EXERCISE INSTRUCTIONS:
Among the entries that follow, the required portion opens with the line containing "Hotel Restaurant Fruehlingsgarten" and closes with the line containing "Building Photo - MCGASKEY HOME". Give that portion again exactly, and nothing else.

SUPPLIED INFORMATION:

# # # #

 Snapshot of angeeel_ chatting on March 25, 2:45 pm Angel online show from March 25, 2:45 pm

# # # #

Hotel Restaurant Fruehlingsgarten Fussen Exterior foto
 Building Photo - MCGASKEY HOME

# # # #

ANSWER TO THIS TASK:
Hotel Restaurant Fruehlingsgarten Fussen Exterior foto
 Building Photo - MCGASKEY HOME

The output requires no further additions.